だって君は悲しまないから

@amano188

だって君は悲しまないから


今日、一人の友人がその人生に自ら幕を下ろした。

遺体はとても奇麗で、笑っているかのようにさえ思えた。

葬式会場で唯一その死を受け入れることができていたのは恐らく僕だけだった。





彼女との出会いは四年ほど前。僕は大学受験に失敗し予備校で浪人生活をしていた頃だった。

ある日、僕のSNSアカウントダイレクトメッセージが来た。

「初めまして。あなたの通っている塾についていくつか教えてくれませんか?いい予備校を探してて。」

僕はSNSで自分の日頃の出来事を発信していた。通っている予備校の話もよくしていたから、おそらく彼女はそれを見て気になったのだろう。


数週間後、彼女から僕の通っている予備校に行くことになった、今日から行く、との連絡が来た。

僕はこの予備校に友達がいなかったから、少し期待していた。

彼女は自習室の3番の席に座っていると言っていたから、席に向かい声をかけた。


一目惚れだったと思う。黒く長い髪にはっきりとした二重。ああ、この人と出会うために僕はうまれてきたんだな。そう思わせるほどの美しさだった。


それからの数か月間、彼女と一緒に夜ご飯を食べたり、一緒に帰ったり。

時には息抜きと言いながら親には塾へ行くと嘘をつき、丸一日遊びに出たこともあった。

幸せな数か月間だった。

しかし僕には気になることがあった。彼女は自分のことを一向に喋りたがらない。秘密主義なのだろうか。名前も彼女の使っているノートを見て知ったし、家族構成も、趣味も、年齢までもまるで分らない。(勿論、歳が近いことはわかるのだが、相手も浪人している手前、詳しい年齢は分からなかった。)

そういう類のことが気になって彼女に質問をしてみても、彼女は決まって「さぁね」と明るく笑って終わらせるのだった。


その後、二人とも無事志望校に合格し、たまに二人で会ったりしながら、それぞれの大学に通っていた。


そして彼女の死の三か月前、彼女から“会いたい”とだけ連絡が来た。

急いで身支度を済ませ会いに行くと、そこにはいつもと変わらない彼女がいた。

カフェに入り、彼女はホットミルクを一口飲んで大きめの呼吸をした。


「私、死のうと思うんだ。」


一瞬、冗談でも言っているのかと思ったが、彼女の顔を見てそうではないことを察した。

どうせ教えてくれないだろうと思いながらも、何故かを聞いた。

帰ってきた言葉は、僕が聞き慣れていた、短くて他人を寄せ付けないための言葉ではなかった。

「私ね、ずっと思ってたの。奇麗なまま死にたいなって。だって、お葬式の時、知り合いとかからしわしわの顔見られるのって嫌じゃない?君もそう思うでしょ?」


僕が今まで見てきた彼女からは思いも付かないくらい饒舌で、そして嬉しそうだった。


「私ね、ずっと探してたの。お葬式の時にね、一人くらい居て欲しいんだ。私のことが好きで、でも私の死を悲しまない人。多分君って、そういう人でしょ?」


それはそうかも知れない。確かに僕は彼女のことが好きだったし(なぜ彼女がそれを知っているのかは分からないが)、奇麗なまま死にたいだなんて言われたら、それを否定するどころか理解してしまうかも知れない。現に今、理解してしまっている。

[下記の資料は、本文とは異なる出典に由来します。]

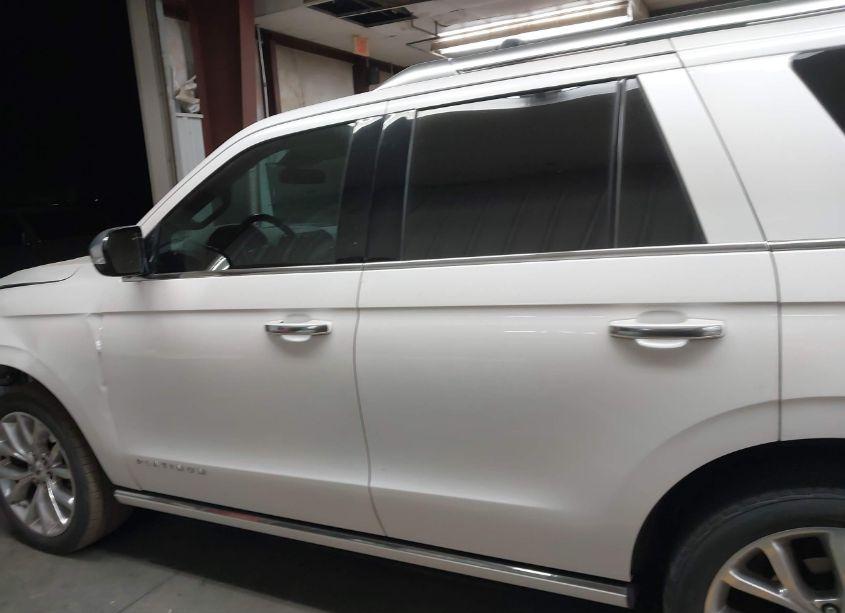 Photo 14 of 2018 Ford Expedition PLATINUM (VIN 1FMJU1MT0JEA13964)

「でも、いざ君が死んだら、僕は悲しむかもしれない。そんなの君には分からないし、そうなってみないと僕にも分からない。それでもいいの?」


「うん。だって君は悲しまないから。」





少し涼しくなった10月。雨の降る中僕は今、彼女の遺影を目の前にしている。

彼女の親族は重い面持ちで、時々嗚咽を混ぜながら、参列者に頭を下げている。

この状況を見て彼女はどう思っているのだろうか。


天気予報を見ずに家を出たから傘を持っていなかった。

でも僕はそれでよかったと思っている。

雨と涙の区別なんて、彼女はできないと思うから。